About this exercise: Only the lines from the line with "Punta Bellagio e" through the end of the records belong in your reply, copied exactly, with every picture left out.

Data supplied:
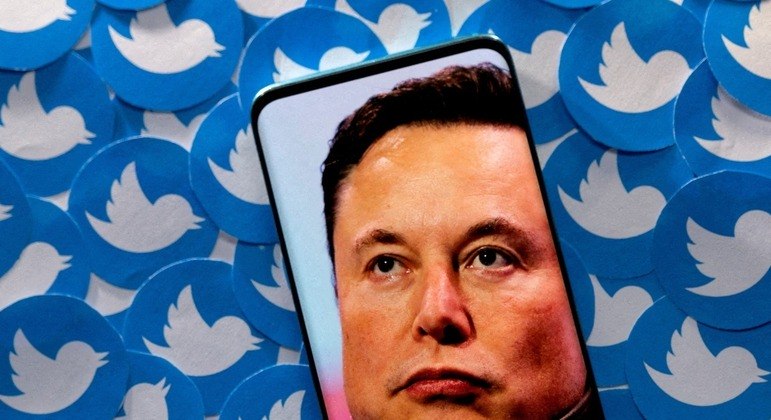 O megaempresário Elon Musk mudou de ideia e afirmou que vai comprar o Twitter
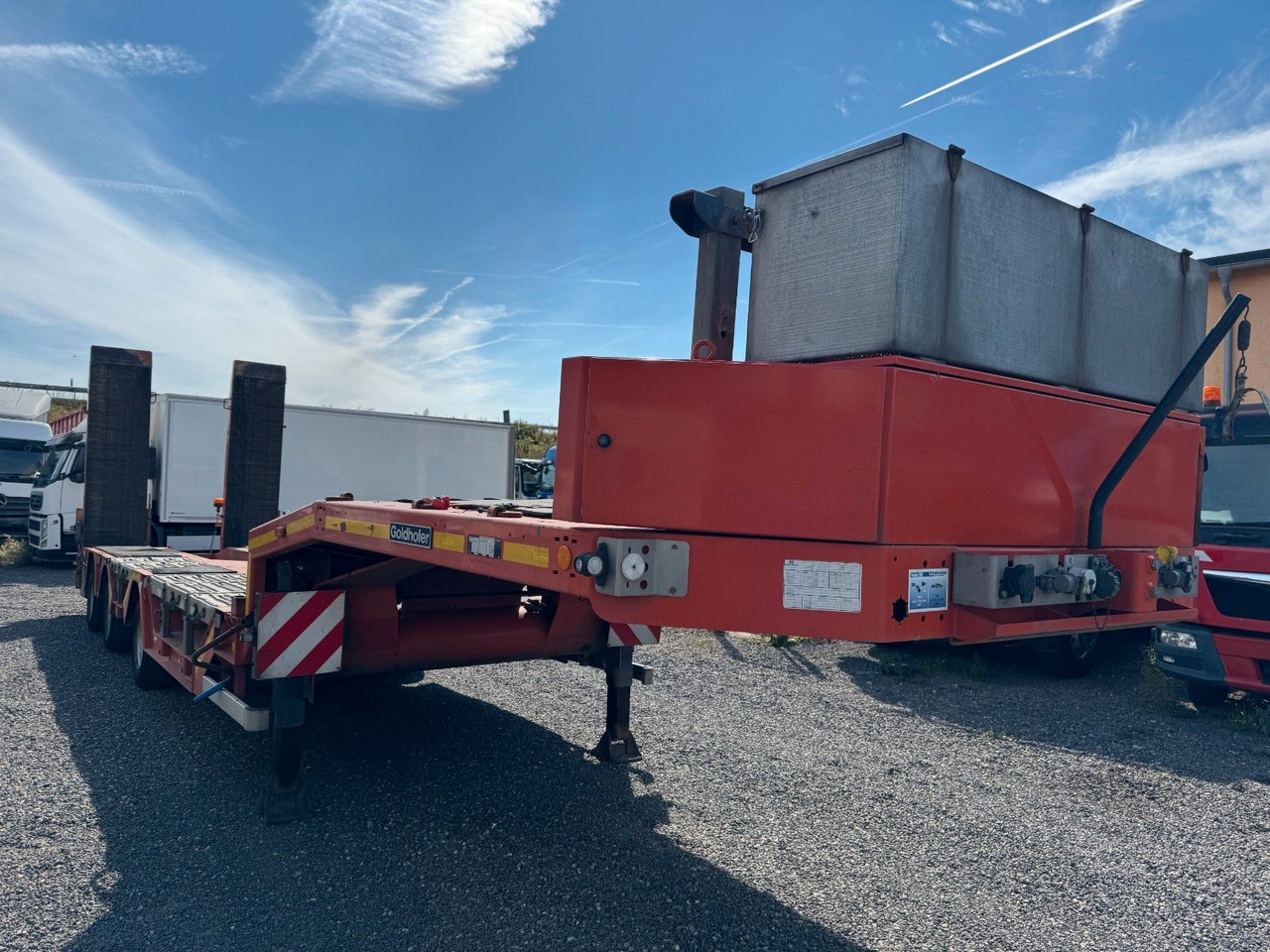 Goldhofer STN-L 3 (245) RM Lift- & Lenkache | hydr. Rampen - عربة مسطحة منخفضة نصف مقطورة: صور 5 Goldhofer STN-L 3 (245) RM Lift- & Lenkache | hydr. Rampen - عربة مسطحة منخفضة نصف مقطورة: صور 5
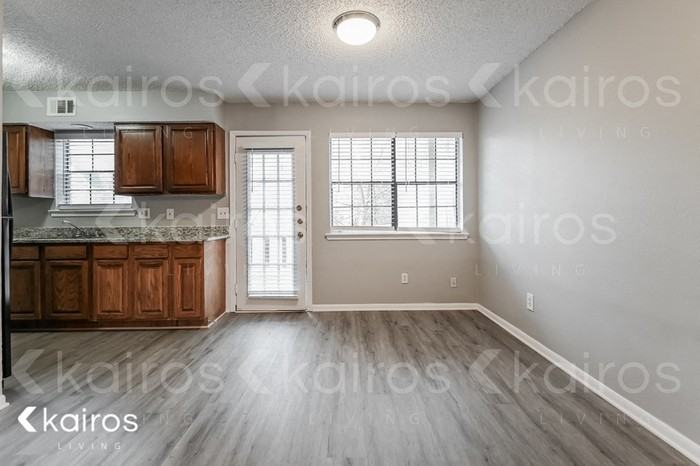 820 Courtenay Place - Photo 5 of 18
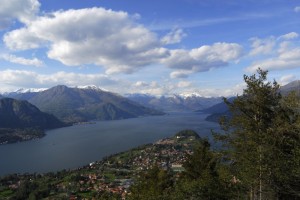 Punta Bellagio e la diramazione del lago di Como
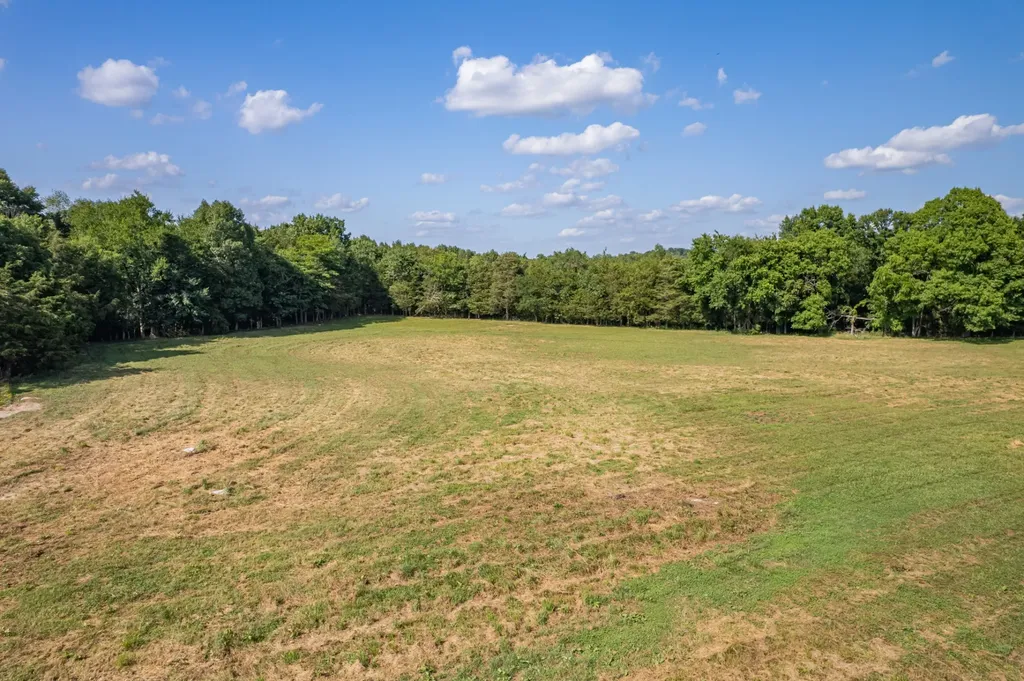 2141 Carpenter Bridge Road Columbia TN 38401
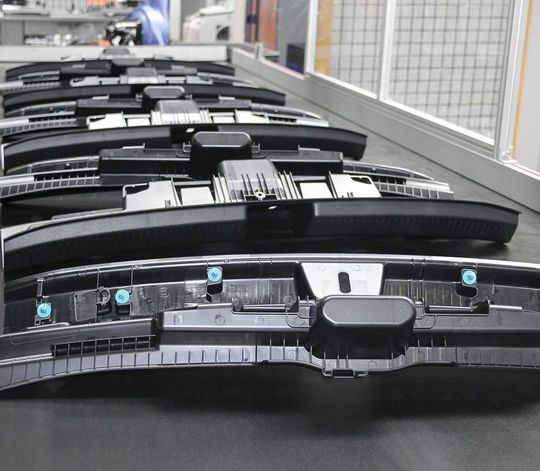 Bei Karl Etzel werden täglich 60 t Kunststoffgranulat verarbeitet. Zwei Drittel der Bauteile sind für den Automobilbau (im Bild sind Verkleidungen für die Ladekante eines Kofferraums zu sehen). Etzel setzt dabei besonders auf energieeffiziente Spritzgießmaschinen von Wittmann Battenfeld aus der Power-Serie und widmet sich dabei auch dem Mehrkomponenten-Spritzguss und dem Cellmould-Schäumen. Bei Karl Etzel werden täglich 60 t Kunststoffgranulat verarbeitet. Zwei Drittel der Bauteile sind für den Automobilbau (im Bild sind Verkleidungen für die Ladekante eines Kofferraums zu sehen). Etzel setzt dabei besonders auf energieeffiziente Spritzgießmaschinen von Wittmann Battenfeld aus der Power-Serie und widmet sich dabei auch dem Mehrkomponenten-Spritzguss und dem Cellmould-Schäumen.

Task answer:
 Punta Bellagio e la diramazione del lago di Como
 2141 Carpenter Bridge Road Columbia TN 38401
 Bei Karl Etzel werden täglich 60 t Kunststoffgranulat verarbeitet. Zwei Drittel der Bauteile sind für den Automobilbau (im Bild sind Verkleidungen für die Ladekante eines Kofferraums zu sehen). Etzel setzt dabei besonders auf energieeffiziente Spritzgießmaschinen von Wittmann Battenfeld aus der Power-Serie und widmet sich dabei auch dem Mehrkomponenten-Spritzguss und dem Cellmould-Schäumen. Bei Karl Etzel werden täglich 60 t Kunststoffgranulat verarbeitet. Zwei Drittel der Bauteile sind für den Automobilbau (im Bild sind Verkleidungen für die Ladekante eines Kofferraums zu sehen). Etzel setzt dabei besonders auf energieeffiziente Spritzgießmaschinen von Wittmann Battenfeld aus der Power-Serie und widmet sich dabei auch dem Mehrkomponenten-Spritzguss und dem Cellmould-Schäumen.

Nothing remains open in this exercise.